- Your task -
The expected output is exactly the lines below, starting at the line with "Ansamblul de dansuri" and ending at the line with "Foto principal de", both included; no other line belongs in it.

- Exercise data -
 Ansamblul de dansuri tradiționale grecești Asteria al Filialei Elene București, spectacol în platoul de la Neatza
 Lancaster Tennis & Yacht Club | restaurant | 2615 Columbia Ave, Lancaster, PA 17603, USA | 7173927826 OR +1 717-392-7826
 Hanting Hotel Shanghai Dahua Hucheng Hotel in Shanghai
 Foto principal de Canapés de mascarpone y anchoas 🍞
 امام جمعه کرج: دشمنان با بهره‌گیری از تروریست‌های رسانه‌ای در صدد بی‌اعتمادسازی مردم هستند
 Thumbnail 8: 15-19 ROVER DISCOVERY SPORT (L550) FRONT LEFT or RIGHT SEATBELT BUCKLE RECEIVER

==

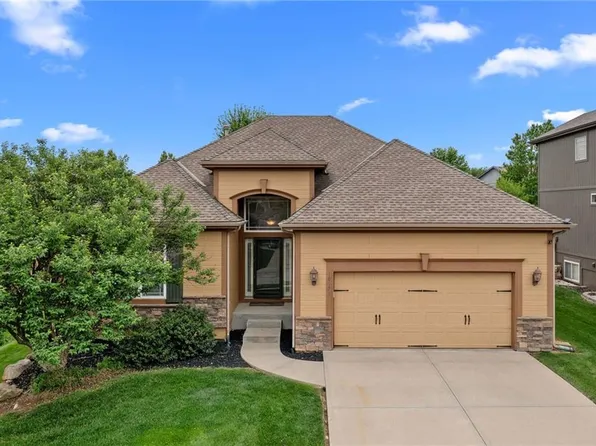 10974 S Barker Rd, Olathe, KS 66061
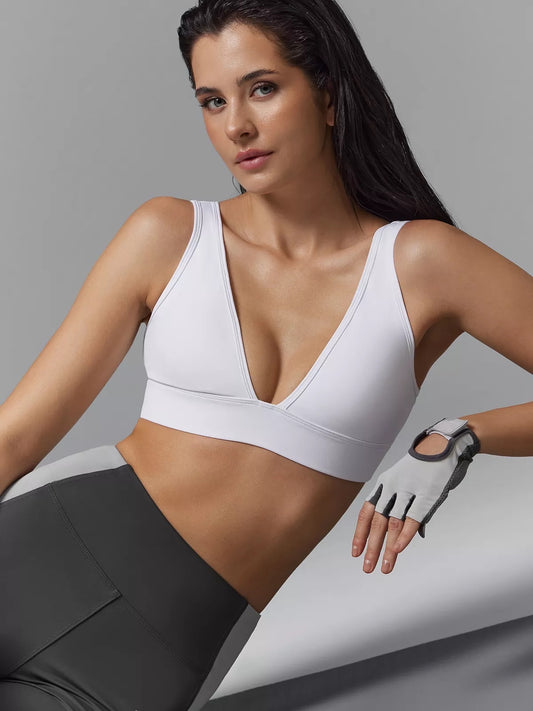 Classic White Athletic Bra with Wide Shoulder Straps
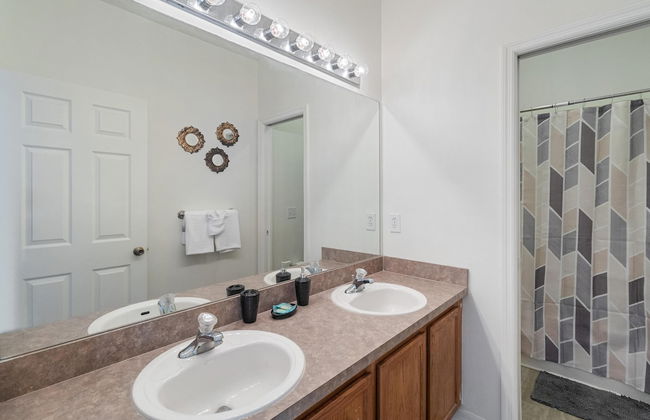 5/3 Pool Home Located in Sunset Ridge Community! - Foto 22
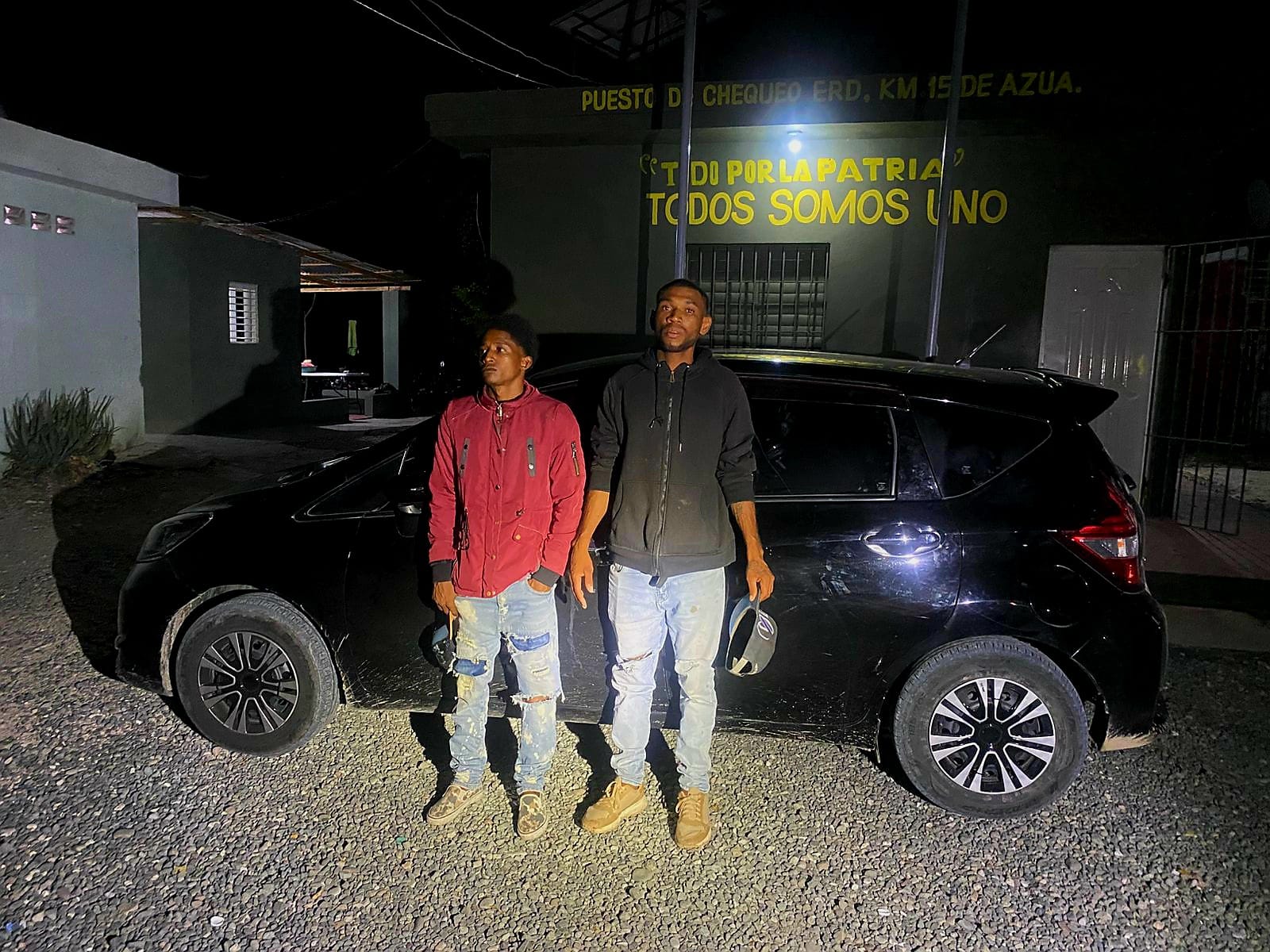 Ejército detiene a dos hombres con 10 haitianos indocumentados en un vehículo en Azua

- Response for this exercise -
 Ansamblul de dansuri tradiționale grecești Asteria al Filialei Elene București, spectacol în platoul de la Neatza
 Lancaster Tennis & Yacht Club | restaurant | 2615 Columbia Ave, Lancaster, PA 17603, USA | 7173927826 OR +1 717-392-7826
 Hanting Hotel Shanghai Dahua Hucheng Hotel in Shanghai
 Foto principal de Canapés de mascarpone y anchoas 🍞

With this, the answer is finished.